Skip to first unread message

Jaskaran Singh Puri

unread,

May 8, 2019, 10:49:29 AM5/8/19

to kaldi-help

I'm using the M6 model for speaker diarization, I get the following output but not the transcripts along with these segments.

Neither I see any option in the callhome_diarization scripts to configure for any model to get the transcripts

What's the correct way to approach this? Is montreal-forced-aligner good enough to explore

Moreover, these set-ups use acoustic models for transcriptions, can we use Aspire model here?

Please guide

Matthew Maciejewski

unread,

May 9, 2019, 12:47:02 AM5/9/19

to kaldi-help

The diarization task itself does not include transcription, and so our diarization recipes do not include it.

As far as I know, all of the Kaldi ASR recipes can use utterance segmentation as input, which is what the diarization system produces as output. It will require some simple data manipulation to ensure everything is in the right format, however.

The ASpIRE model is probably fine. It depends on what data you are running on. That is true of the diarization system, too, though. For example, the callhome_diarization is all narrowband telephone speech.

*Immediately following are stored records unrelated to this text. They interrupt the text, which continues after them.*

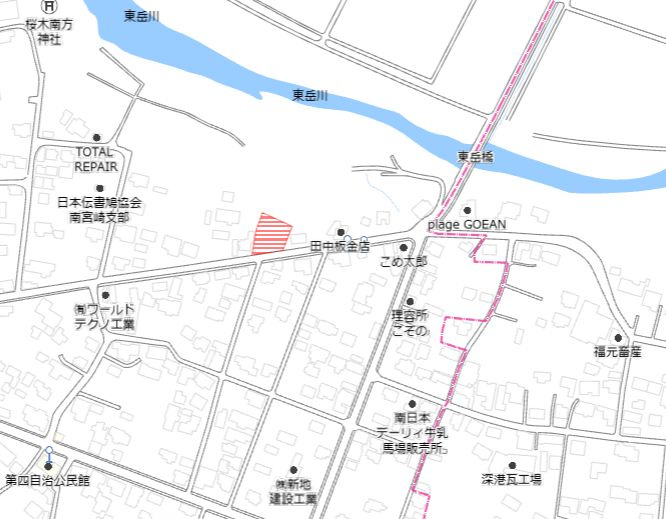 都城市高城町桜木の売地の土地図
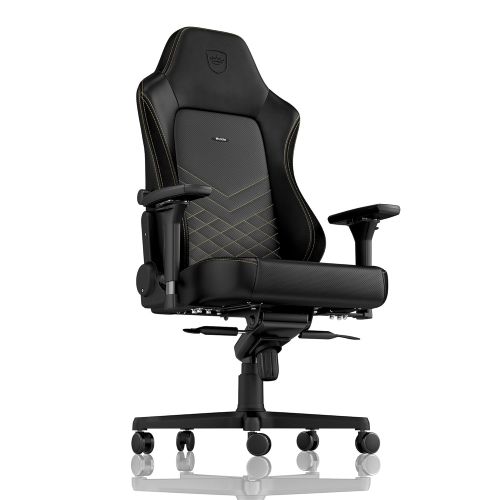  Noblechairs noblechairs Hero Gaming Chair - Office Chair - Desk Chair - PU Leather - 330 lbs - 135° Reclinable - Lumbar Support - Racing Seat Design - Black/Gold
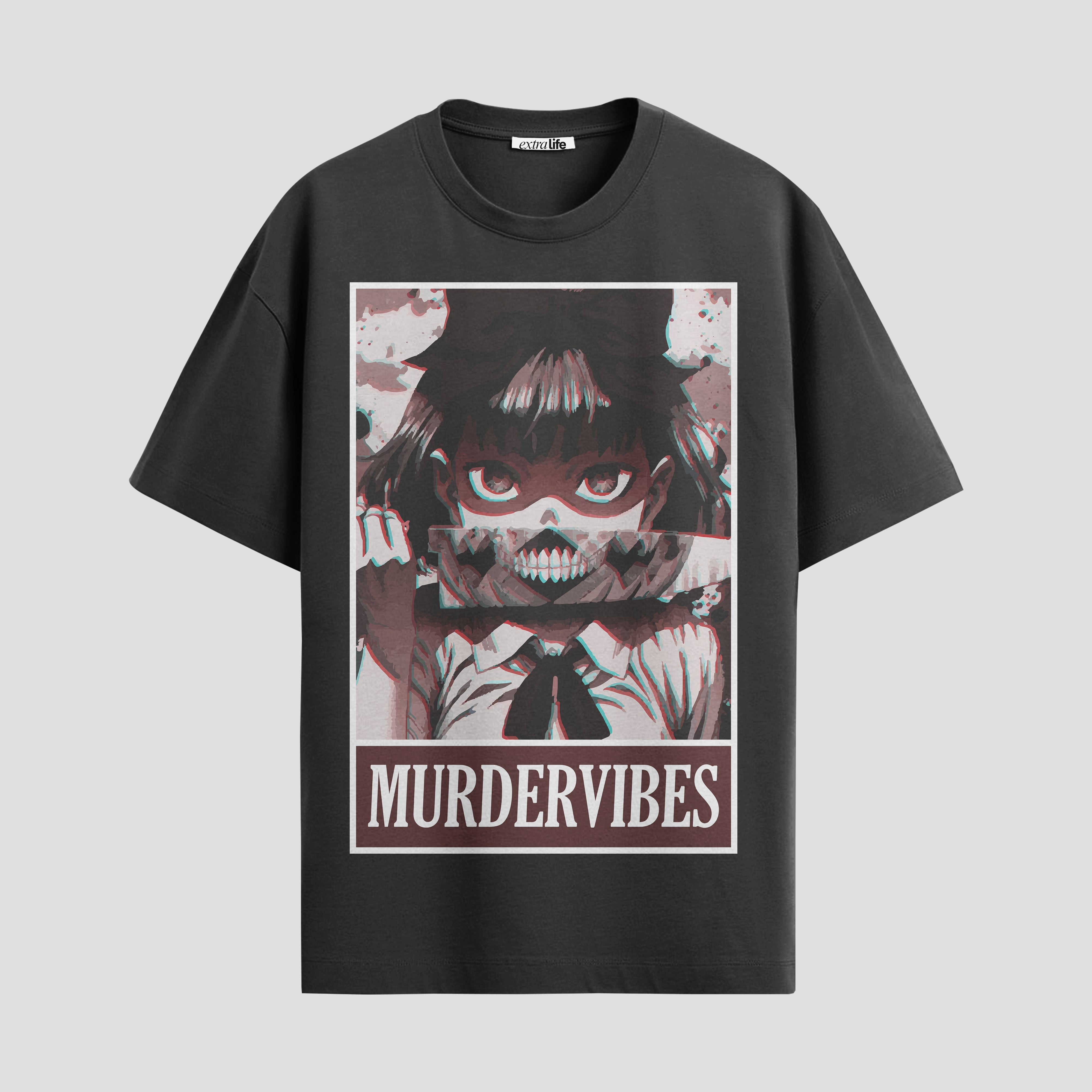 Playera urbana de anime y gaming ExtraLife MX, corte Standard Fit unisex ligero y transpirable en color Deep Black y Pure White, ropa de uso diario para gym y casual.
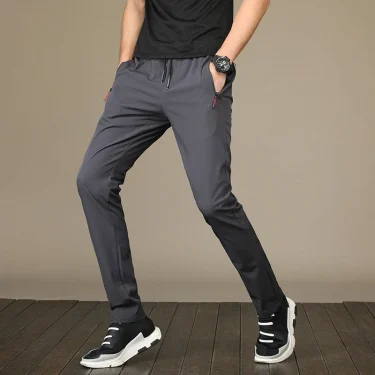 Ice Silk Men's Pants 2025 Summer New Black Gray Thin Business Casual Pants Outdoor Elastic Breathable Straight Leg Sweatpants 3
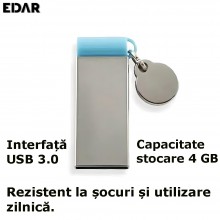 Memorie USB EDAR, Capacitate 4 GB, USB 3.0, Rezistent la Uzura, Gri Metalic / Albastru Memorie USB EDAR, Capacitate 4 GB, USB 3.0, Rezistent la Uzura, Gri Metalic / Albastru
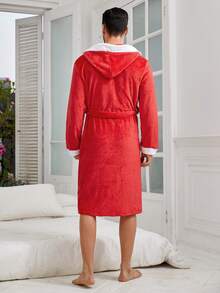 Nam Khối màu Đồ ngủ Bộ , Riêng biệt , Thích hợp Đối với Gia đình Phù hợp Với Mẹ Và - Đỏ - Xem 2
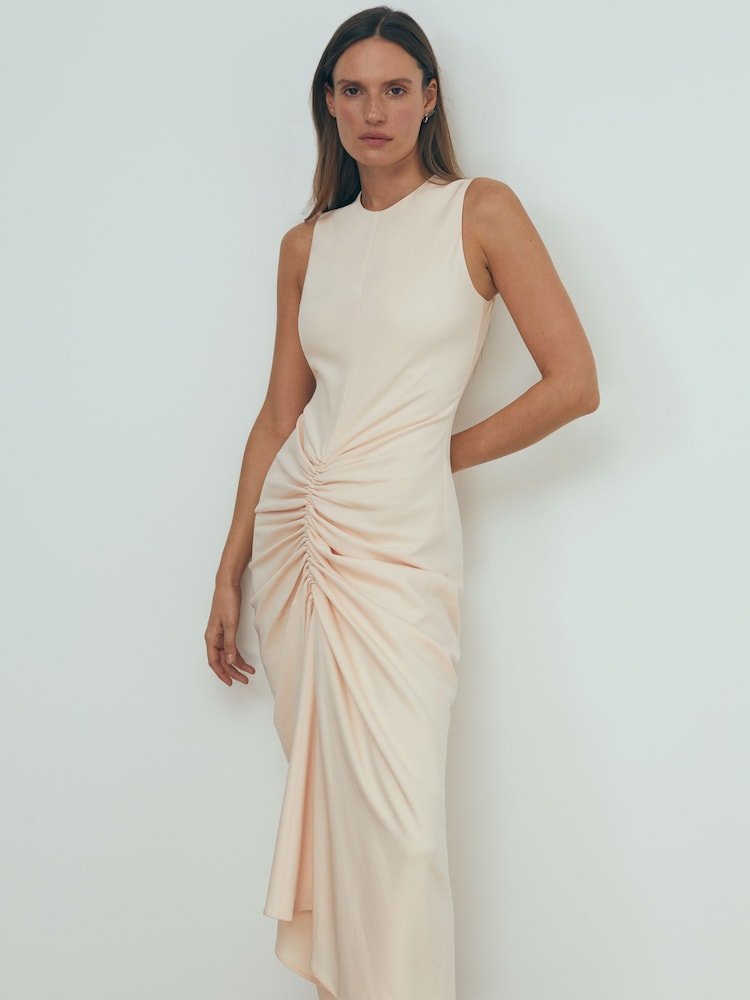 Reiss Blush Felicity Ruched Bodycon Midi Dress - Image 1 of 6 Reiss Blush Felicity Ruched Bodycon Midi Dress - Image 1 of 6
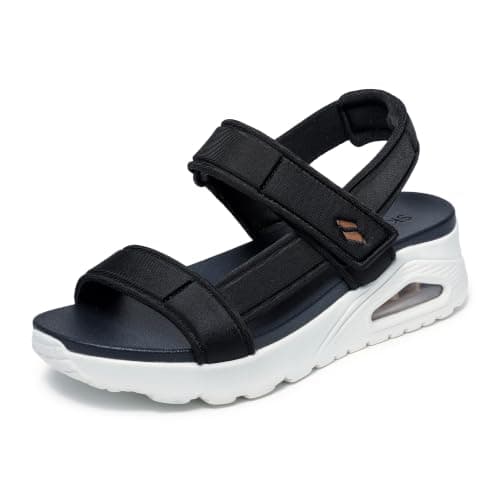 Skechers Sandali UNO SUMMER STAND2 Donna, Bordo in nylon nero, 39 EU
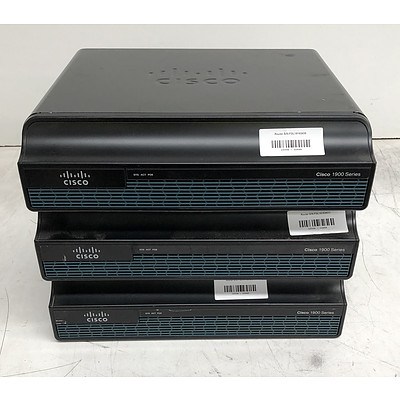 Cisco (CISCO1941/K9 V05) 1900 Series Integrated Services Router - Lot of Three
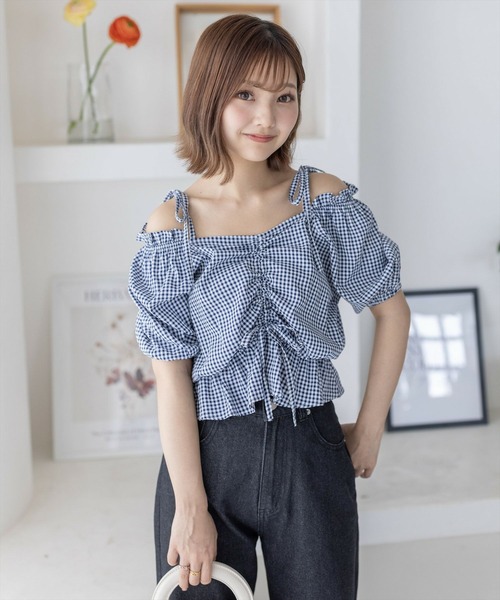 clear（クリア）の「シアーチェックフロントギャザー半袖ブラウス［着回し力抜群 大人 カジュアル］≪再入荷≫（シャツ/ブラウス・レディース・レッド/ネイビー/オフホワイト・F）」の12枚目の写真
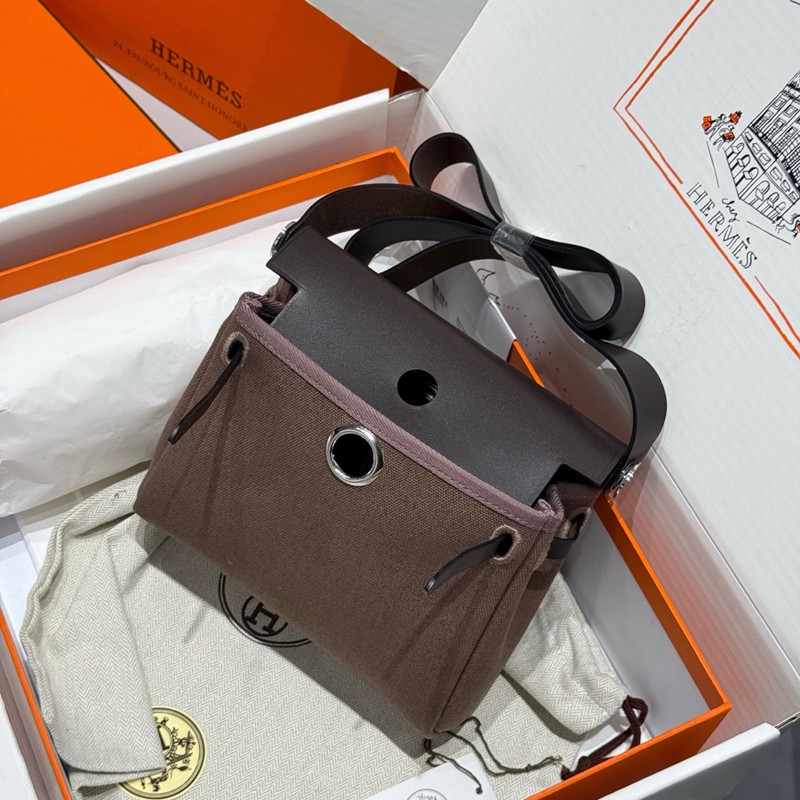 Hermes Mini Herbag Bag 20cm Canvas and Calfskin Leather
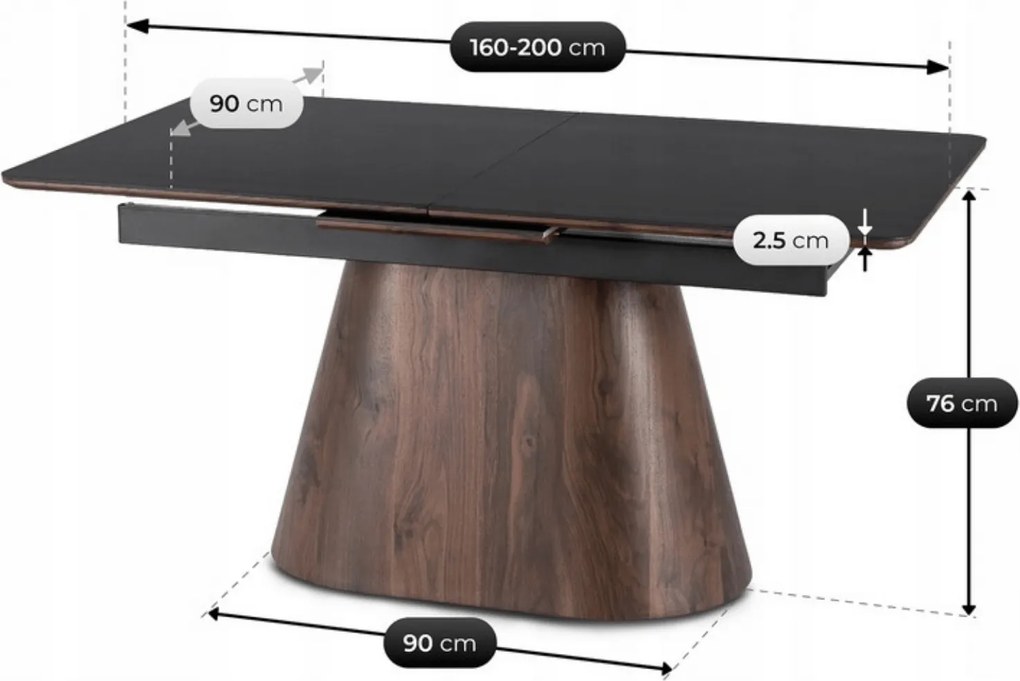 PROXIMA.store - Rozkladací jedálenský stôl LIZBONA FARBA: čierna, konštrukcia: dub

It is also perhaps the case that you should not be using diarization at all, or using it in limited cases. We do not have a recipe for multi-speaker ASR transcription, and though using a diarization system as input to an ASR system will work, it will not work as well as a system is built to do both jointly, or is at least tuned for that task. For example, diarization errors that lead to incorrect segments may cause ASR transcription errors that might not arise if diarization were not performed ahead of time. It might be fine, but I still would not expect the end result to be as good as if the system was tuned for this specific task.